Vendored dependency vulnerabilities (osv-scanner)
  - 28 known vulnerabilities across 15 packages, 27 of which are fixable:
      * CVE-2026-1229 (CVSS 9.8) in `engine/vendor/github.com/...` (no fixed
        version listed).
      * google.golang.org/grpc 1.76.0 -> 1.79.3 (GO-2026-4762, CVSS 9.1).
      * github.com/containerd/containerd/v2 2.2.0 -> 2.2.5 (6 advisories,
        up to CVSS 8.7).
      * github.com/moby/buildkit 0.26.2 -> 0.28.1 (8.4, 8.2).
      * golang.org/x/crypto 0.45.0 -> 0.52.0 (5 advisories).
      * golang.org/x/net 0.47.0 -> 0.55.0 (2 advisories).
      * go.opentelemetry.io/otel* 1.38.0 -> 1.41/1.43.
      * github.com/cloudflare/circl 1.6.1 -> 1.6.3 (2.9).
      * github.com/in-toto/in-toto-golang 0.9.0 -> 0.11.0 (4.1).
      * github.com/aws/aws-sdk-go-v2 (eventstream/cloudwatchlogs) (5.9).
  - Most of these are expected to be cleared by packaging upstream 29.5.x
    (already requested by the MIR reviewer in comment #7 of the bug).

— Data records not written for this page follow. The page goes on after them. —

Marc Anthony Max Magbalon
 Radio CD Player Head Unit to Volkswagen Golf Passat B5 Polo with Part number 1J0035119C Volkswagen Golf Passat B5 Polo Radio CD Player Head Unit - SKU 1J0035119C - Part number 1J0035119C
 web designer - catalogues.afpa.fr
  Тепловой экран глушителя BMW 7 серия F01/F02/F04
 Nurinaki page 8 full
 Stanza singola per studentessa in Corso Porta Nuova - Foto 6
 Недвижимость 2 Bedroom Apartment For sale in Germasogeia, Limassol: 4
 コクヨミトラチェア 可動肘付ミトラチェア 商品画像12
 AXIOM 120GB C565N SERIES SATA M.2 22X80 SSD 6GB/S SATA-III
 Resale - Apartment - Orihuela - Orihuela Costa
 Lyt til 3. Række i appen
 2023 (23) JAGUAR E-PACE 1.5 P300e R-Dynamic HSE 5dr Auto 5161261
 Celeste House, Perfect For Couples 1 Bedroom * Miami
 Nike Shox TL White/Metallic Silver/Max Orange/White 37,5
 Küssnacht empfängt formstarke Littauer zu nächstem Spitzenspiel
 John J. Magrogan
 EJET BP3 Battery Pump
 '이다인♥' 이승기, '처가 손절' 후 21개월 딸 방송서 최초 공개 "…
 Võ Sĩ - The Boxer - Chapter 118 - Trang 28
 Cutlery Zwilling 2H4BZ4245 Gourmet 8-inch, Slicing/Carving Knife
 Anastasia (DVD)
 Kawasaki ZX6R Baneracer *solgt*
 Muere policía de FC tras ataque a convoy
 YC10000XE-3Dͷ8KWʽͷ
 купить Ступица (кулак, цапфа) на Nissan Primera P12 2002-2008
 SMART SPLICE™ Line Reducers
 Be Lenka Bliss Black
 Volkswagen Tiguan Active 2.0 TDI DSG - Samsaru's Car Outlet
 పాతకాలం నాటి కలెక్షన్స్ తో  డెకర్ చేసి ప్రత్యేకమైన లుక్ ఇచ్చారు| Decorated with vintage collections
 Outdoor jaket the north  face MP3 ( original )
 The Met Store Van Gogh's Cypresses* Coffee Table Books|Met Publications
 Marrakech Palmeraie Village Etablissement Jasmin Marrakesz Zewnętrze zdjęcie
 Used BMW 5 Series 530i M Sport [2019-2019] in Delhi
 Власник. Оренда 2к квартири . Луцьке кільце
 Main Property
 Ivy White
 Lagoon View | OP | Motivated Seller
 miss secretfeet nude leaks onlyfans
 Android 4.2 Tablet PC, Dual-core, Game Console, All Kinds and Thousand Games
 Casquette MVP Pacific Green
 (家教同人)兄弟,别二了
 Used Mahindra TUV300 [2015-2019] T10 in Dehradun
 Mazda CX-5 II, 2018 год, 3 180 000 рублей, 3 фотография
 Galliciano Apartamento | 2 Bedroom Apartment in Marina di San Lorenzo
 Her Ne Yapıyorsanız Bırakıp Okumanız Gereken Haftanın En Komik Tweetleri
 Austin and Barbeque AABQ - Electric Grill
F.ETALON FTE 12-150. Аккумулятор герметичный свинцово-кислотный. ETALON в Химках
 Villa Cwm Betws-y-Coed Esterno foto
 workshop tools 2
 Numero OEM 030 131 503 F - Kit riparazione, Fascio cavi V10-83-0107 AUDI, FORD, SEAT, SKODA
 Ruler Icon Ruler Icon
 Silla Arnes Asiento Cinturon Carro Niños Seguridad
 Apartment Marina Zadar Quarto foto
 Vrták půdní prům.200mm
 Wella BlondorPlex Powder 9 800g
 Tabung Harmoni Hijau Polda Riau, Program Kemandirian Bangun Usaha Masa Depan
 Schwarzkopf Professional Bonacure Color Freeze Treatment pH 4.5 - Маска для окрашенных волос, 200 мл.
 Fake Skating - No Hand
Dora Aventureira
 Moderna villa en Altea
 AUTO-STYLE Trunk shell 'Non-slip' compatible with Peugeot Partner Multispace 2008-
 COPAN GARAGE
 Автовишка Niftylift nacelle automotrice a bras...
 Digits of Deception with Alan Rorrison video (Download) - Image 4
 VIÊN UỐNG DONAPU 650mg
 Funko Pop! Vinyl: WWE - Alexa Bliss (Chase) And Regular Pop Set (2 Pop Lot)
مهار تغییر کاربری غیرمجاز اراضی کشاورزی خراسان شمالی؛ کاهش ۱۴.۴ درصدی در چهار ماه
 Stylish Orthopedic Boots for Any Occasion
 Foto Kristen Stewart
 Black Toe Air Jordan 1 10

Hardening (binaries.txt + lintian)
  - dockerd: PIE yes, RELRO yes, Fortify yes; no stack protector, no
    stack-clash protection, no CFI. This is largely an artefact of the Go
    runtime, which manages its own stack and control flow.
  - docker (CLI): PIE yes, RELRO yes; no stack protector / stack-clash / CFI
    (same Go-runtime caveat).
  - docker-init (tini): statically linked by design (lintian
    `statically-linked-binary`); has stack-clash protection and CFI.
  - docker-trust: statically linked by design.
  - docker-proxy (C, libnetwork userland proxy, runs as root): **no PIE, no
    RELRO, no immediate binding, no stack protector, no stack-clash, no CFI**.
    Lintian flags `hardening-no-pie` and `hardening-no-relro`. This is the
    one genuine hardening gap and is worth a follow-up with the Server team
    (the binary is built via the upstream cgo/libnetwork Makefile, which
    does not pick up the Debian build flags).

General comments
  - The package is well-structured for a container runtime: no setuid/sgid,
    no sudo/polkit/udev/cron, no external network endpoints by default,
    AppArmor profile shipped, sane maintainer scripts with clean cleanup
    paths, debconf-driven daemon restarts on upgrade.
  - The principal security exposure is inherent to any container runtime
    (root daemon managing namespaces/cgroups/seccomp), mitigated by the
    upstream hardening features (seccomp profiles, AppArmor, namespaces,
    cgroups, user-namespace remapping option).
  - The principal audit-specific concerns are: (1) the set of vendored-Go
    CVEs flagged by osv-scanner, which the planned 29.5.x upload should
    clear; (2) the `docker-proxy` hardening gap; and (3) a handful of
    low-severity upstream follow-ups (missing TLS MinVersion, a couple of
    semgrep concurrency false-positives, plugin-pull decompression limit).
    None of these rise to the level of blocking promotion to main.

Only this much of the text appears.